Udacity opted for a vocational training approach, introduced a few popular technologies: Postgres SQL, Apache Cassandra, Amazon Redshift, Apache Spark and Apache Airflow. All code was in either Python or SQL. Each of these technologies was introduced in a module demonstrating it in a case study setting. Each module ended with an assignment which was reviewed and which you had to pass. The first modules assumed absolutely no background knowledge beyond basic python and SQL, while later modules did assume the content of earlier modules.

Unfortunately, there was no significant theoretical component. There were a few, very introductionary explainers showing e.g. that “distributed” means that software runs on multiple machines and that reading data over a network is much slower than reading data from disk or RAM.

The video content was of pretty standard MOOC quality, although that standard has risen dramatically I think. The assignments were usually somewhat more difficult, although it rarely took me more than an afternoon to solve them. I liked that they required creative thinking and looking up documentation which aided the learning. While the instructions did encourage to take the projects beyond the requirements, there was no reward for it. In my eyes, it was advantageous to get a general overview through one MOOC, but if you are on a budget, you can get the same content for free at other places.

The human touch

Udacity prides itself on it’s mentors, community and services. I was especially curious about this, as it is something other MOOC providers do not usually offer. Udacity sits in an odd spot where they want to provide good guidance but do not have the budget to do it properly.

Mentors

“Mentor” is a big and very much overused word these days. Udacity mentors are relatively low paid, remote workers whose key qualification is that they themselves have completed the nano degree. Do not expect mentors to answer complex queries or give you personalized food-for-thought as a mentor at work might as this is not actually their job. That said, they do provide a bit of extra motivation, and nudge you to actually complete the program.

Community

Udacity has a Stackoverflow-style Q&A forum for people stuck with assignments but it also has a pretty large slack, with channels for individual assignments and nano-degrees. As typical with MOOC forums, the conversations usually rotate around help with assignments and complaining about the course. It is a good thing to have but nothing that sets you apart. I have not yet interacted with the alumni community, but I have seen Udacity staffers post events featuring alumni’s so I guess they stay in touch somehow.

Career services

Together with your course, you get career services, which mostly consist of some content on e.g. how to navigate the job market as well are LinkedIn and Github reviews. There seems to be interview help, too, although I did not see or search it since I already have a job. The content is basic and strongly targeted to juniors entering the job market for the first time. The reviews are very checklist-heavy, making sure you follow best practice (a professional picture on LinkedIn, say) but do not go in depth on how to present yourself to a very specific audience or how to effectively work with recruiters. Since they have students around the world, they of course can not give too specific advice and I felt that much of the material covered would have helped me had I not seen it somewhere else before.

Is it worth it?

It depends on how much you value money and time and what exactly you want to learn.
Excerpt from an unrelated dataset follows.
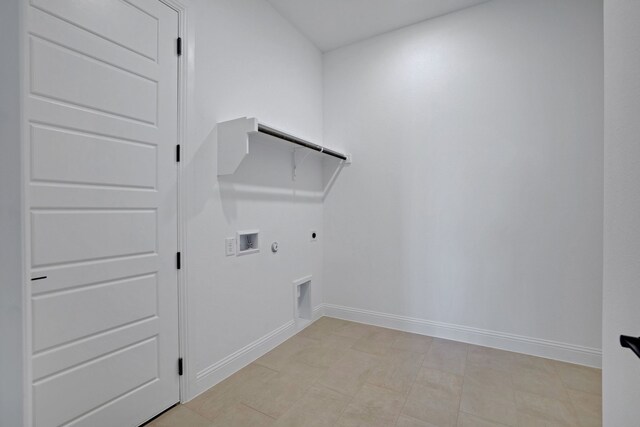 spare room featuring ceiling fan and light colored carpet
I certainly learned a number practical tools that will help me at work. I would have liked to see some more theoretical depth. If you are looking to work as a data-engineer, the DEND might be a small first step, to get a smell of what is going on, but it by no means qualifies you for most data engineering jobs. If you want a curated overview and do not want to spend time searching, this course is for you. Otherwise, there are better options. I would take the course again and generally recommend it to e.g. data scientists that want to get up to speed with data engineering and whose company uses much of the stack from the course.